Last week, The Bandera County Commissioners’ Court unanimously approved adopting a penalty defining a barking dog as a public nuisance.
The penalty is a modification to the Rabies and Animal Control Order and was presented as a proposal to the court by County Attorney Janna Lindig.
“This is something that got started as of December 2021,” Lindig told the court. “I kept having people ask me about it and I finally had time to set it aside to do the Barking Dog modification.

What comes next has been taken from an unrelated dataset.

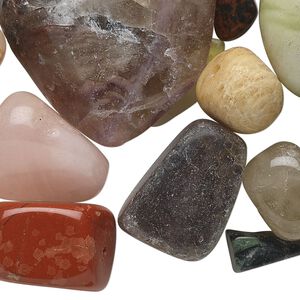 Multi-gemstone / glass 1pkg1, tumbled nugget bead 1/4 lb mix small to large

It just has to do with the public’s request.”
Under the order passed in 2009, a dog causing a disturbance by excessive noise-making near the private residence or disturbing the peace or quiet or any neighborhood is considered a public nuisance.

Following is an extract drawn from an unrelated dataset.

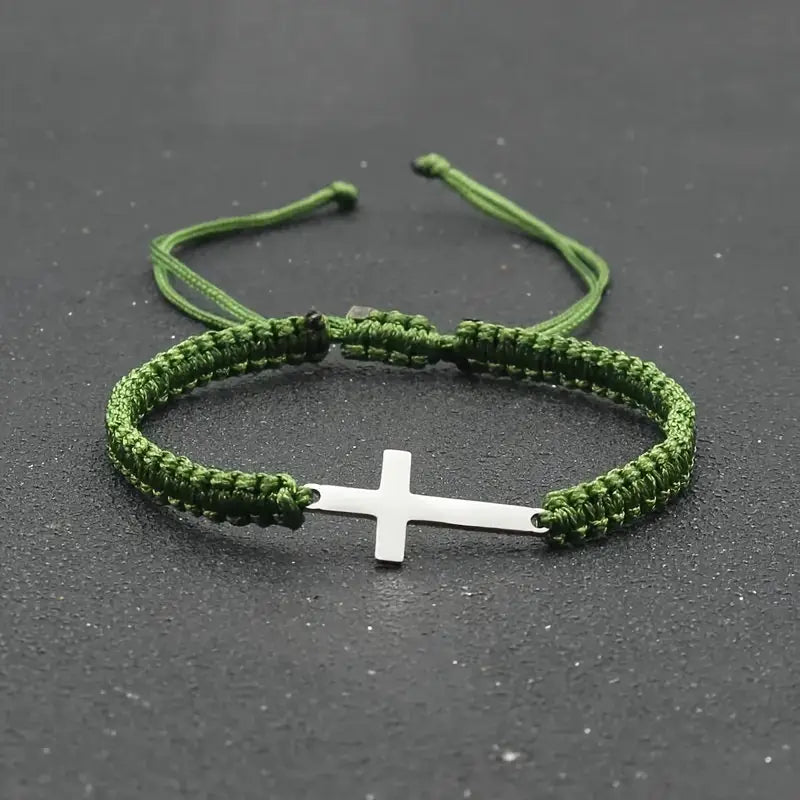 Bracelet homme croix en corde rouge tressée – Bijou religieux ajustable tendance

Lindig noted no sections of that order list a penalty for violation.
Under the modified order, the code considers certain factors before a dog owner is deemed to be committing a public nuisance when their dog causes a disturbance and is in violation of the order.
Those factors are: the time of day; proximity of noise production to other premises; and whether the sound is recurrent, intermittent or constant.
Owners will be informed they have committed a public nuisance through a written notice or a citation from the Animal Control Authority and/or Deputy.
Not later than the tenth day after the date a notice described is given to the owner, such owner shall abate the nuisance or request a hearing in the applicable justice court contesting the notice.
A person who fails to abate the public nuisance commits a misdemeanor and shall be charged a fine not to exceed $100.00 a day for each day that the nuisance continues.
“Some people ain’t gonna like this,” said Commissioner Bobby Harris. “We don’t have an animal problem, we have a people problem. The taxpayer living next door is entitled to have some enforcement.”
The court voted all in favor to approve the modification.